P. Manuel João, comboniano
Riflessione domenicale
dalla bocca della mia balena, la sla
La nostra croce è il pulpito della Parola
La vera novità è l’amore
Anno C – Tempo pasquale – 5a domenica
Letture: Atti 14,21-27; Salmo 144; Apocalisse 21,1-5;
Giovanni 13,31-35: “Vi do un comandamento nuovo: che vi amiate gli uni gli altri”
Con le ultime due domeniche del tempo pasquale entriamo nella preparazione immediata alle feste dell’Ascensione e della Pentecoste. Sono le domeniche del commiato. Il Vangelo di questa domenica e della prossima ci offre alcuni brani del discorso di addio di Gesù ai suoi discepoli durante l’ultima cena. Si tratta del suo testamento, prima della passione e morte.
Perché riprendere questi testi proprio nel tempo pasquale? La Chiesa segue l’antica tradizione di leggere, durante questo periodo, i cinque capitoli del Vangelo di Giovanni relativi all’ultima cena (dal capitolo 13 al 17), nei quali Gesù presenta il senso della sua morte e della sua “pasqua”.
Inoltre, potremmo dire che, trattandosi di un lascito, il testamento va aperto dopo la sua morte. Gesù lascia la sua eredità, i suoi beni, a noi, suoi eredi. Il suo lascito per eccellenza è il comandamento dell’amore, tema del brano evangelico odierno.
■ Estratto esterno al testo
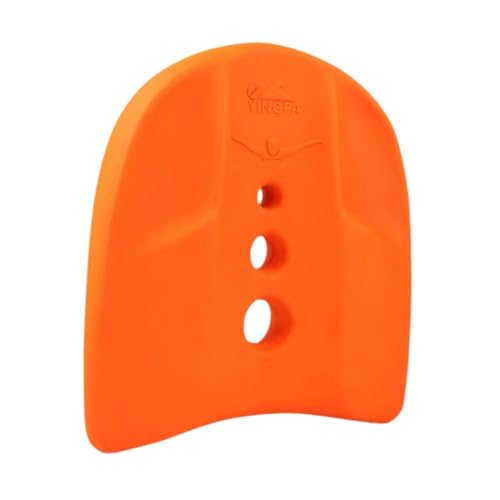 Menolana Swimming Kickboard Pool Float Board Sturdy Versatile Water Aids Comfortable to Use Training Swimming Aid Training Equipment, Orange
1. Una parola unisce le tre letture di oggi: NUOVO o NOVITÀ.
- Nella prima lettura, dagli Atti degli Apostoli, troviamo la novità raccontata da Paolo e Barnaba alla Chiesa di Antiochia, che li aveva inviati in missione: “come Dio avesse aperto ai pagani la porta della fede”;
- Nella seconda lettura, tratta dall’Apocalisse, Giovanni vede “un cielo nuovo e una terra nuova” e “la città santa, la Gerusalemme nuova, scendere dal cielo, da Dio”, e sente la Voce che dice: “Ecco, io faccio nuove tutte le cose”;
- Nel Vangelo, Gesù ci dà “un comandamento nuovo”.
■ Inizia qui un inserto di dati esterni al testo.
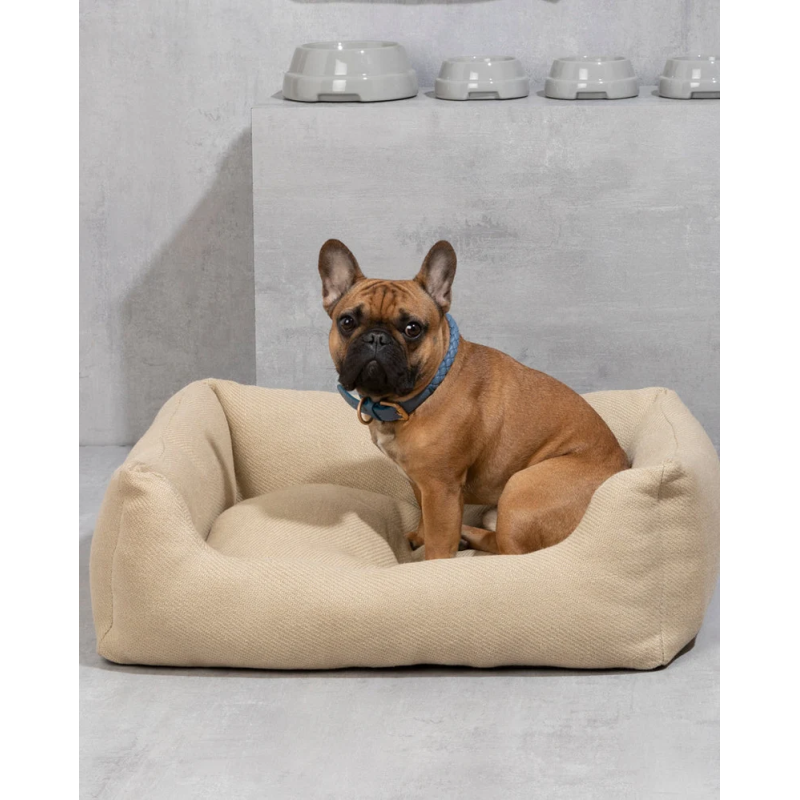 Legowisko Henri Ecru 2.8 Design for Dogs — juta | ventisei&Co.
Viviamo in una società in cui predomina la noia, specie tra i giovani. Abbiamo bisogno di stimoli continui, di novità, per rendere le nostre giornate più allettanti e attraenti. Purtroppo, confondiamo spesso la novità con la diversità. Le novità che ci vengono proposte sono spesso un riciclo del vecchio, per cui invecchiano subito, lasciandoci delusi e insoddisfatti.
D’altra parte, le vere novità ci fanno paura perché sconvolgono i nostri principi e il nostro stile di vita. Richiedono, infatti, il “rinascere di nuovo”, come diceva Gesù a Nicodemo (Gv 3,3).
Se questo è vero per ogni cristiano, lo è altrettanto per ogni comunità cristiana e per la Chiesa intera. La fedeltà alla Tradizione non può camuffare la tentazione di ripiegarsi sul passato, su tradizioni vecchie e superate. L’accusa mossa alla Chiesa di essere ancorata al passato deve farci interrogare sulla nostra apertura al soffio innovatore dello Spirito.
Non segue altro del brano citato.